Spreker gevoelt niet veel sympathie voor de schoolbaden.
Ongeveer 10 van de 50 scholen in de gemeente maken er
gebruik van; tot deze 10 scholen behoort bijna geen enkele
bijzondere school.
In het jaar 1934 maakten van de 6383 leerlingen van de
bijzondere lagere scholen slechts 22 gebruik van de school
baden en men kan toch niet beweren, dat de gezondheids
toestand van de overige 6361 leerlingen te wenschen overlaat.
In het zelfde jaar maakten van de 4198 kinderen, die de
openbare lagere scholen bezochten, 1127 gebruik van deze
baden.
Deze getallen wettigen niet het doen van grootere uitgaven
voor dit doel. De bezwaren, die tegen de bezuiniging op dezen
post zijn aangevoerd en gememoreerd zijn in de adviezen,
zijn sterk overdreven. Spreker zal zijn stem aan dit voorstel
onthouden.
De heer Jongeleen beveelt het voorstel van het College bij
den Raad aan. De vermeerdering van de uitgaven met 700.
is alleszins gerechtvaardigd. Indien het College indertijd had
geweten, dat de bezuiniging slechts 700.zou bedragen,
had het den Raad zeker niet voorgesteld de schoolbaden
om de veertien dagen in plaats van elke week te verstrekken.

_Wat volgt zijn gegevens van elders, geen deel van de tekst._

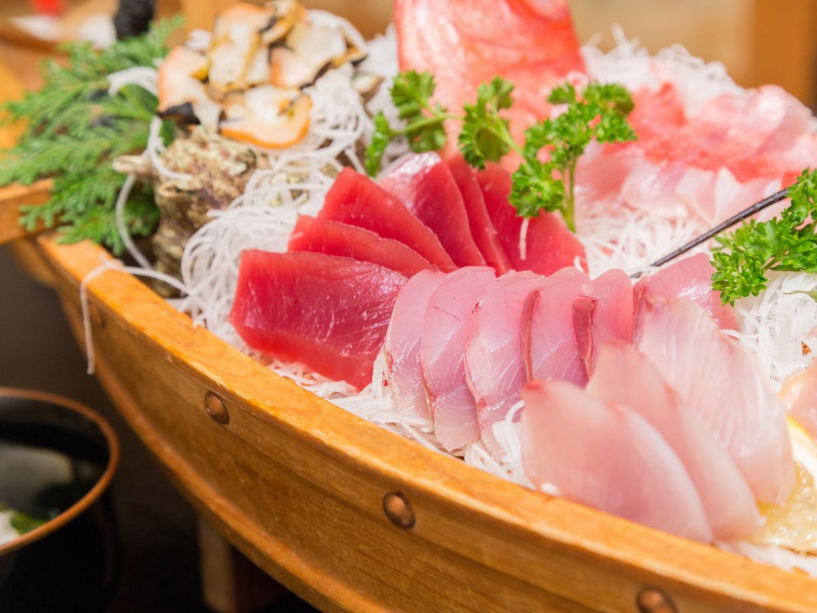 【船盛りイメージ】※人数・仕入れ状況により食材が変更となります。 【船盛りイメージ】※人数・仕入れ状況により食材が変更となります。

Uit het rapport van den Directeur van den Geneeskundigen
Dienst is gebleken, dat de toestand van de kinderen, die om
de veertien dagen een schoolbad kregen, achteruitging. Ook
uit een hygiënisch oogpunt is het wekelijks verstrekken van
schoolbaden van groot belang voor de kinderen. Bovendien
maken van deze gelegenheid gebruik kinderen, die thuis niet
in staat zijn een bad te nemen. Men zegt wel: water is niet
zoo duur, maar men dient te bedenken, dat de verwarming
van het badwater voor een groot gezin wel een groot bedrag
vraagt.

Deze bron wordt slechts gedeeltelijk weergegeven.